「部品不足」で社長が広報に指示した「真逆の対応」 「うちにはモノがないと書いてもらえ」の真意
そこで、一旦ハードディスクメーカーで良品と判定されて納品された部品であっても、国内工場に入荷した時点で全数再検査を行うことにしました。通常はサプライヤーとの信頼関係もあるため、一定数の抜き取り検査を行うだけです。これが全数検査ともなれば、途方もない作業工数アップになってしまいます。しかし、恐らくこの検査の効果もあったのでしょう。生産ラインを工場だけでなく、群馬にあるサービスセンターにまで拡大した非常時の態勢下でつくられたにもかかわらず、この世代のNECパソコンにHDDの品質問題は発生しませんでした。
「何が本当の危機なのか」を理解すること
こうして何とか会社を挙げて危機を乗り切り、NECブランドのパソコンは無事消費者の手元に届けられるようになりました。振り返って、この危機対応は「何が本当の危機なのか」を理解することの大切さをTさんに教えてもらった気がします。
確かに売るモノがないため株価は下がりましたが、それは在庫状態が回復すればまた戻るものです。一方で、ありもしないモノをあると嘘をついている会社だった、あるいはありあわせのもので品質が悪化したということで信頼を落としてしまっては、これは容易に回復しません。
実はこのときNECパーソナルコンピュータが直面していた「危機」とは、モノが調達できないという危機ではなく、「NECパーソナルコンピュータの生産体制、品質管理体制に対する誠実さを問われている」という危機だったのです。それが見通せていたからこそ、後に続く特殊な生産体制、品質の維持など、一貫した対応ができたのでしょう。そこまで先を読み、決断したTさんは、やはりリーダーとしてふさわしい危機対応をされたのだと、今になって思います。
ちなみに今回この記事を出すに当たり、Tさんの許しを得ようと連絡しました。すると「僕なんか、NECのパソコンの歴史に名を連ねる大先輩を差し置いて名前を出すような器じゃない」ということで、イニシャルならばということで了解をいただきました。

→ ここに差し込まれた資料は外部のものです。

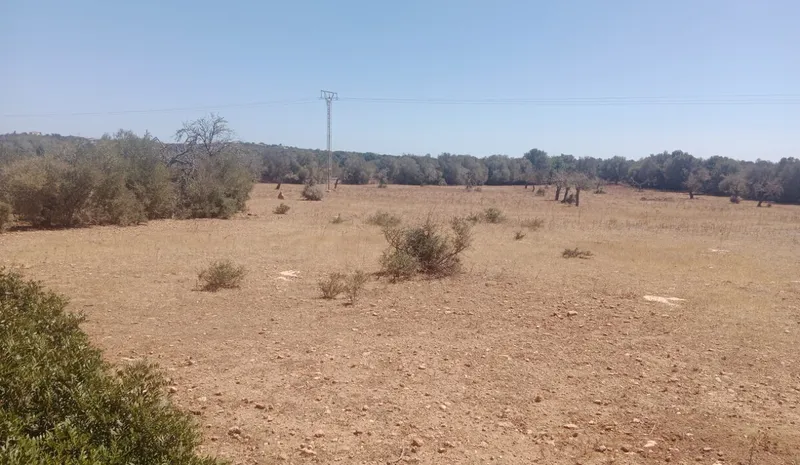 Ultimate rustic plot in Ses Salines, Mallorca for sale — photo 12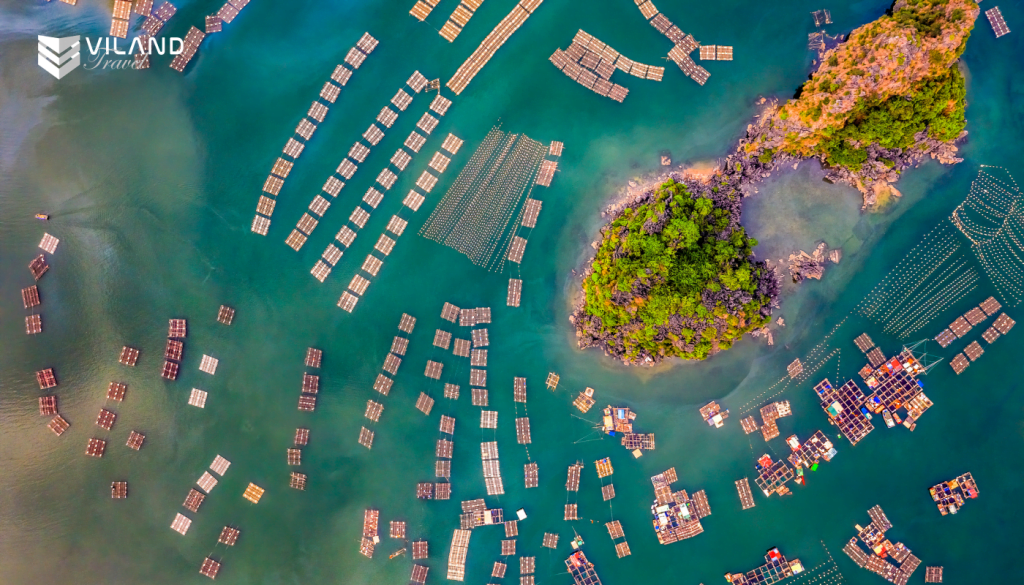 Ha Long Bay landscapes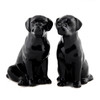 Labrador Salt and Pepper Black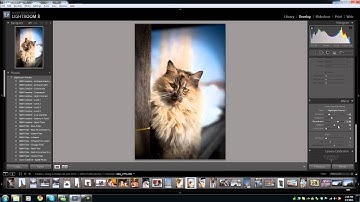 Using Lightroom to create a vignette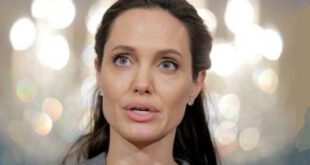 اخبار فرهنگی ,خبرهای  فرهنگی ,آنجلینا جولی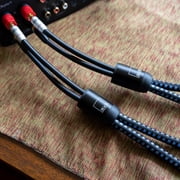 SVS SoundPath Ultra Bi-Wire 10Ft Banana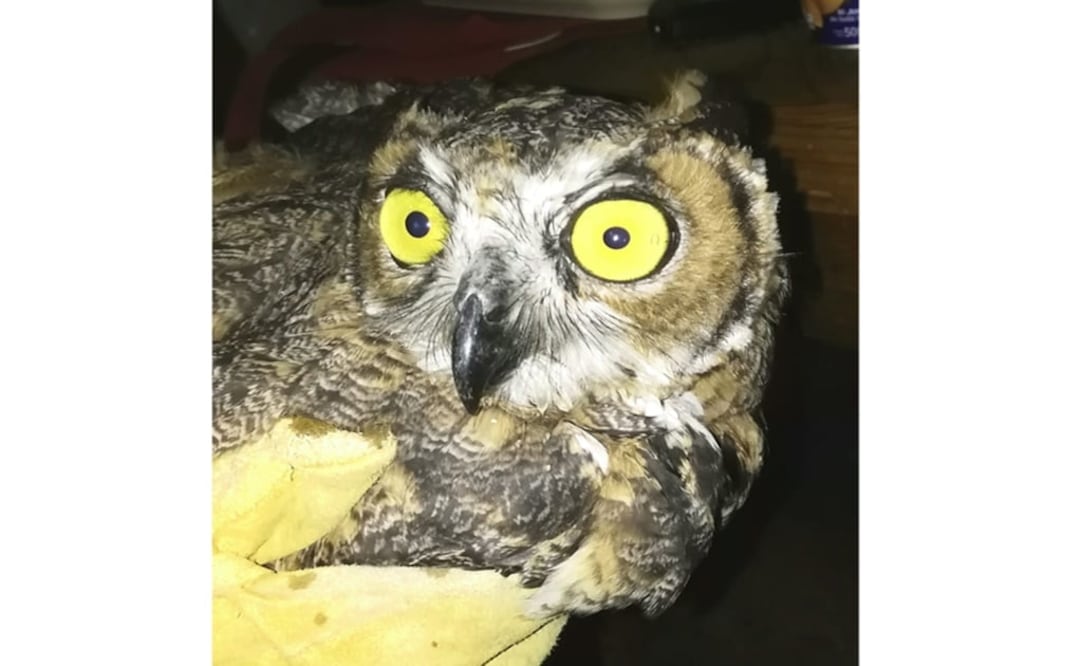 Se informó que el ave fue liberado, a fin de que continuara con su viaje y estancia por Tamaulipas. Foto: especial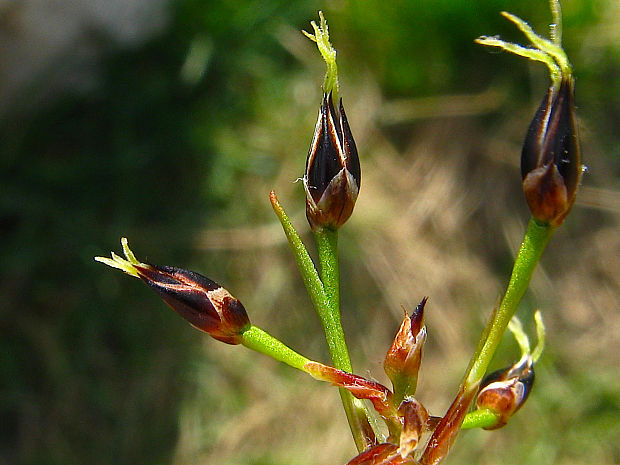 chlpaňa chlpatá Luzula pilosa (L.) Willd.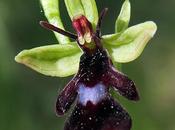 Ophrys mouche (Ophrys insectifera)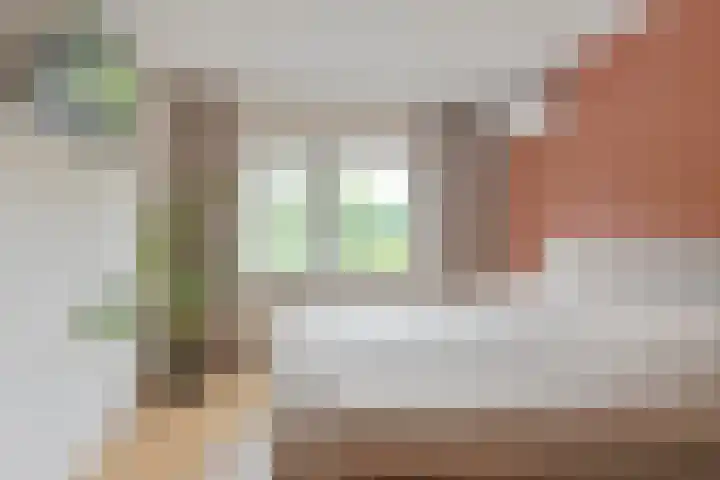 Koolmees 22 Emmen thumbnail 41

危機管理対応の広報といいますと、マニュアルやQ&Aを整備し、マスコミになるべく悪く書かれないようにすると考えがちでしょう。それはその通りなのですが、そのとき、本当に会社として守るべきものは何なのか、何を問われているのかについて、普段から備えておけと言われても、そこまで人間の脳は考えようとしません。私はこの経験を通して教えていただく結果になったのですが、広報たるもの、こうした点でも経営者に助言できるようになりたいものです。